The book was first written for a Flemish audience, but Belgian people are often surprised to hear that British cuisine warrants its own book. Regula enthusiastically rebuts that idea, launching into an explanation of food’s importance in Britain. “In the 18th century, during the Napoleonic War, roast beef and plum pudding became the way to show your patriotism and your disgust for the French,” she says.
Then in Victorian times, before the introduction of Christmas trees, pudding was the symbol of Christmas.
“People say Britain doesn’t have a food culture, but it’s actually strong enough for British people to put food on Christmas cards and all kinds of political pamphlets. You can’t be a non-foodie nation if you’re using food to make political statements,” says Regula.

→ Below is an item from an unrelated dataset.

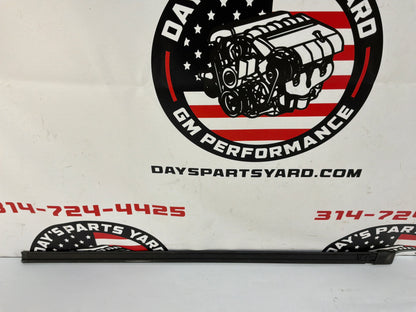 2004 Pontiac GTO RH & LH Rear Window Trim Molding OEM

But if what you have with your roast beef is politically important, the story of Britain’s move from plum pudding to Yorkshire Pudding is a social and economic one.

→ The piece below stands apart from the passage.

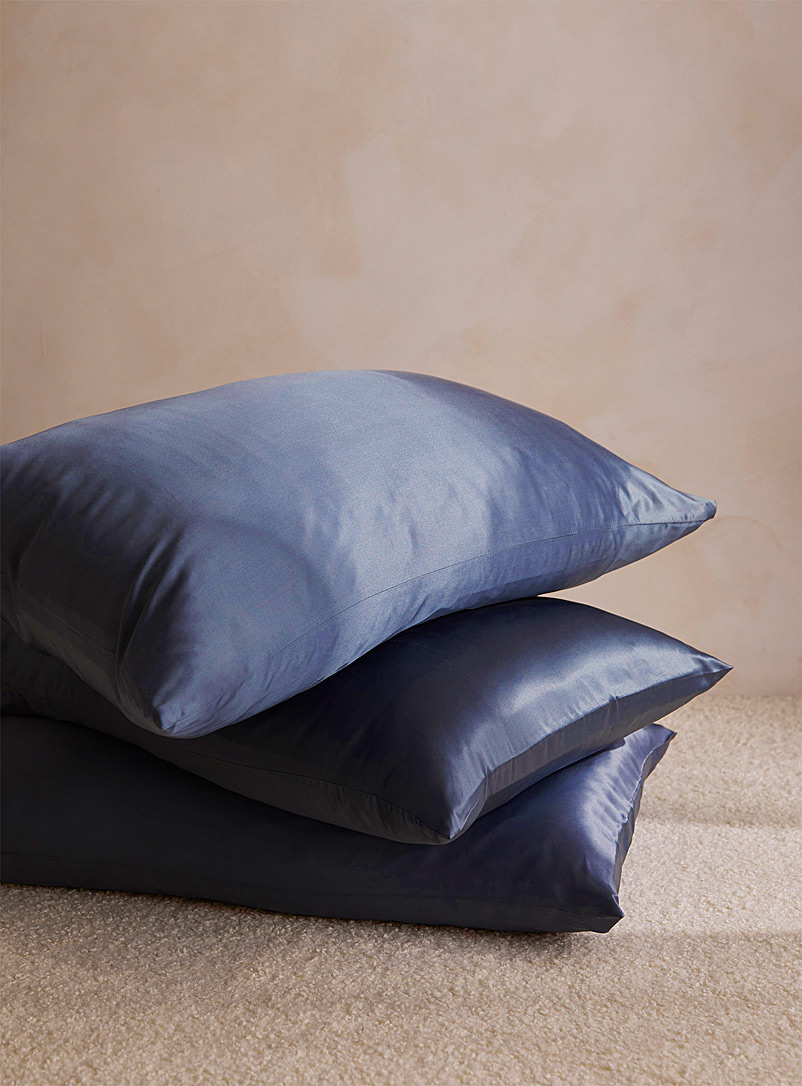 Simons Maison Blue Luxurious silk pillowcase 20 x 30 in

“The thing is that puddings have always been something that could be prepared together with the main course,” says Regula. “Because it was stuffed into guts or a bag, they were able to boil it [in a stew] with the rest of the food. Pudding was often eaten as a starter to fill you up before you were actually going to tuck into the meat, so that you wouldn’t need as much of it.
“With batter puddings it’s the same thing. When people started roasting meat in front of the hearth, they wanted something to have with the meat. Because they weren’t boiling anything they used the hot fats to cook the pudding. They would serve the batter pudding, or the Yorkshire Pudding, before the meal or with it, depending on how many mouths they had to feed. If you had a lot of pudding you would even have it as a dessert with a little bit of honey or fruit.”
These early puddings were not the savoury puffs of batter we know today, however. Nor were they cooked the same way. “Traditionally, you would have had a joint of beef or mutton turning in front of the fire in a bottlejack spit, and there would be a big pan underneath that would normally catch all the dripping that came off the meat,” says Regula.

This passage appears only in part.